Use "pveceph" on command line or WEB GUI - but not the standard ceph calls (except for read information only)

Kind regards

Mr.Holmes
 
If you are to buy new nics for the ceph storage you could also consider Infiniband based network. 3 nics and the needed cables will give you 10-20 Gb speed for around 250$. Try search ebay. Infiniband is fully supported by the proxmox kernels and proxmox/debian.
 
Hi all,

  • Given the fact that it is 'only' gigabit ethernet, what will performance be like?

We use such a setup for small office clusters. With the NICs bonded, we've found you get around theoretical performance out of the network.
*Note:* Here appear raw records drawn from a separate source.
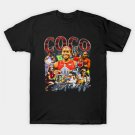 Coco Gauff Vintage Bootleg #St Studios T-Shirt
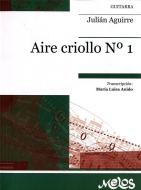 Aire Criollo 1 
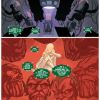 SECRET INVASION: X-MEN #3, page 2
So it will definitely work fine if you don't have disk-intensive operations. IOPS are actually showing about the same as our 10G cluster, just overall throughput is slower. We run with SSDs on the nodes and Open vSwitch with a ceph vlan interface broken out with jumbo frames.
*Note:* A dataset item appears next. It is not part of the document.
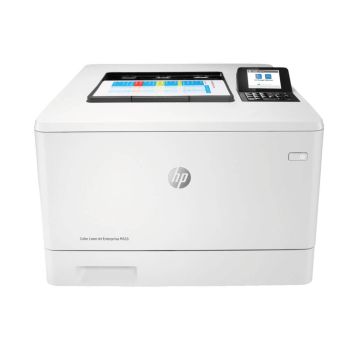 HP LaserJet Enterprise M455dn A4 Colour Laser Printer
As with anything, it depends on your workload, but we haven't found dual gigabit to be as disappointing as we would have expected.
 
Hi all and thanks for the replies.
After playing around with this a bit, I am quite amazed at how well things worked.
I used the internal gigabit LAN for the ceph setup and added one OSD per node.
Then moved a running(!) VMs disk image from local LVM to ceph and vice versa.
I also tried online changes to the pool layout, e.g. stuff like:

root@node1:~# ceph osd pool set rbd min_size 1 ; ceph osd pool set rbd size 2
root@node1:~# ceph osd pool set rbd size 3 ; ceph osd pool set rbd min_size 2

As well as disabling and re-enabling one node to see if rebuilding works, eg.
root@node1:~# pveceph stop
root@node1:~# pveceph start

Everything worked as advertised and even quite fast. Read speeds were around 80 M/s and write speeds around 60 M/s when all three OSDs were online and the size/min_size ratio was 3:2.
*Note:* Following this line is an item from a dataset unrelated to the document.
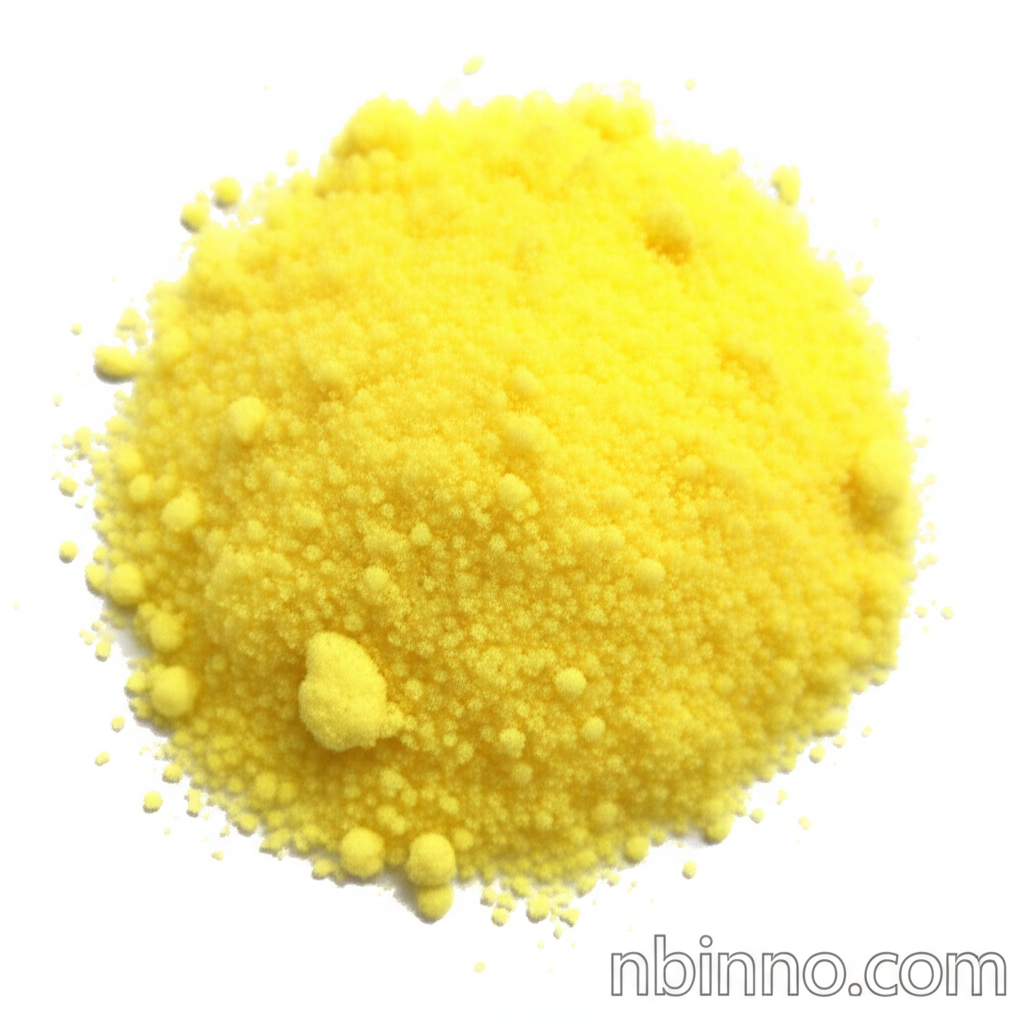 3-Nitrobenzoic Acid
In short, this is awesome technology!
Martin
PS: One caveat: adding a lvm as OSD requires manual intervention as the pveceph tool balks when you attempt to do that. Once added by hand, however, things run just fine!
 
...
In short, this is awesome technology!
+1


Hi Martin.
PS: One caveat: adding a lvm as OSD requires manual intervention as the pveceph tool balks when you attempt to do that. Once added by hand, however, things run just fine!
hmm, I'm sure that's not the best idea to use lvm as OSD... (performance and so on).
I would advise to use full disks.

Udo
 
Sure thing, but if your current setup is a Hardware-RAID 6 with 4 Disks with a LVM on top of that ...
Since I was just testing, this was MUCH easier than migrating the RAID 6 to RAID 5 and then use the single disk, etc.
If I were to setup a cluster from scratch, I'd certainly setup ceph using drives directly.

Martin
 
Hello Martin,
Use "pveceph" on command line or WEB GUI - but not the standard ceph calls (except for read information only)
Mr.Holmes

What did you mean by not the standard ceph calls? As far as i know all Ceph cli commands work just fine. Dont really have to use pveceph. Only really needed when initially setting up Ceph on Proxmox nodes.
 
If you are to buy new nics for the ceph storage you could also consider Infiniband based network. 3 nics and the needed cables will give you 10-20 Gb speed for around 250$. Try search ebay. Infiniband is fully supported by the proxmox kernels and proxmox/debian.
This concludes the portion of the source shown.